La grande muraille digitale des entreprises crypto
Les acteurs de la crypto se retrouvent de plus en plus dos au mur face aux régulations américaines. Plutôt que de se laisser submerger par des amendes astronomiques ou de longs procès, elles commencent à considérer sérieusement le déploiement du géorepérage.
1/ As U.S. regulators continue their war on crypto, many founders are thinking about geofencing as a compliance strategy.
It can work, but only if it's done right.
That’s why @dbarabander and I wrote this Practical Guide to Geofencing:https://t.co/utoNy8fRDU
— Jake Chervinsky (@jchervinsky) September 30, 2024
Des entreprises comme Binance et Maker ont déjà adopté cette tactique, construisant des barrières invisibles autour de leurs plateformes pour bloquer les utilisateurs provenant de certaines régions, en particulier des États-Unis.
Le but est de fermer l’accès aux Américains afin d’éviter les tracas légaux, tout en continuant à opérer sur d’autres marchés sans craindre d’être dans le collimateur des régulateurs US.
Les failles techniques du géorepérage : une barrière pas si infranchissable
D’un point de vue technique, le géorepérage est loin d’être infaillible.
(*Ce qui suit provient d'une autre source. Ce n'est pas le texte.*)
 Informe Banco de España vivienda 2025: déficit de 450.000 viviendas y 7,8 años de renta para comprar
Les entreprises utilisent principalement les adresses IP pour déterminer la localisation des utilisateurs. Néanmoins, ces données sont trompeuses : elles peuvent facilement se masquer ou se falsifier grâce à des VPN ou des proxys, rendant les barrières digitales inefficaces.
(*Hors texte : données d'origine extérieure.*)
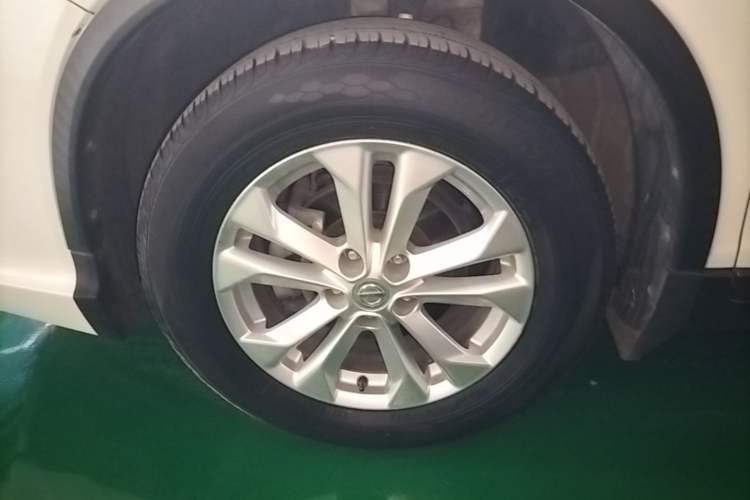 Used Nissan X-Trail 2015 2.0L CVT Comfort MAX Edition 2WD Left Front Wheel Hub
En outre, les adresses IP mobiles sont encore moins fiables, indiquant souvent l’emplacement du fournisseur de services plutôt que celui de l’utilisateur réel. On se retrouve ainsi avec du geofencing percé de failles qui laiss passer des utilisateurs indésirables tout en bloquant parfois ceux qui devraient avoir accès.
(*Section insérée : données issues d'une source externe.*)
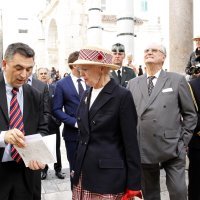 Kraljica Margareta II i princ Henrik u obilasku Peristila 2014.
Ce dilemme technique expose les entreprises à de nouveaux risques. En se fiant uniquement à des données aussi volatiles, elles se placent en position de vulnérabilité face aux régulateurs, tout en frustrant leurs clients légitimes.
Il ne suffit donc pas de tracer des lignes numériques sur une carte virtuelle ; encore faut-il que ces lignes soient fiables et précises. Les entreprises doivent désormais investir dans des technologies plus avancées pour vérifier la véritable position des utilisateurs, utilisant des données GPS, Wi-Fi, ou des techniques de triangulation mobile.
Une entreprise qui néglige ces améliorations se retrouve à jongler avec des balles enflammées, dans un équilibre précaire entre conformité et accessibilité.
Le prix à payer pour l’emploi du géorepérage
Si le géorepérage offre une forme de protection contre les régulateurs américains, il vient avec un prix élevé, tant financier qu’opérationnel. La mise en place de systèmes sophistiqués de géorepérage demande des ressources considérables : infrastructure technique, serveurs hors des États-Unis, personnel expatrié.
En plus de cela, le géorepérage peut aliéner une grande partie du public cible, notamment les utilisateurs américains, qui représentent une portion importante du marché crypto. Certes, cela les protège des sanctions, mais ça peut aussi entraîner une fragmentation du marché, laissant certaines personnes sans accès aux services qu’elles souhaitent, à cause de ces murs numériques.
En fin de compte, ce qui est vraiment en jeu ici, c’est l’avenir des cryptos. En érigeant des murs numériques, les entreprises crypto s’éloignent de l’idéal fondamental d’un écosystème décentralisé et ouvert à tous.
Elles se dirigent vers un modèle plus segmenté, où les marchés sont déterminés par les régulations locales plutôt que par les besoins des utilisateurs. Cela pourrait marquer le début d’une nouvelle ère de fragmentation numérique, où la promesse d’une monnaie universelle, échappant aux frontières, est sacrifiée sur l’autel des régulations.
Un futur où la liberté que représentait la crypto se retrouve enfermée derrière des barrières de geofencing.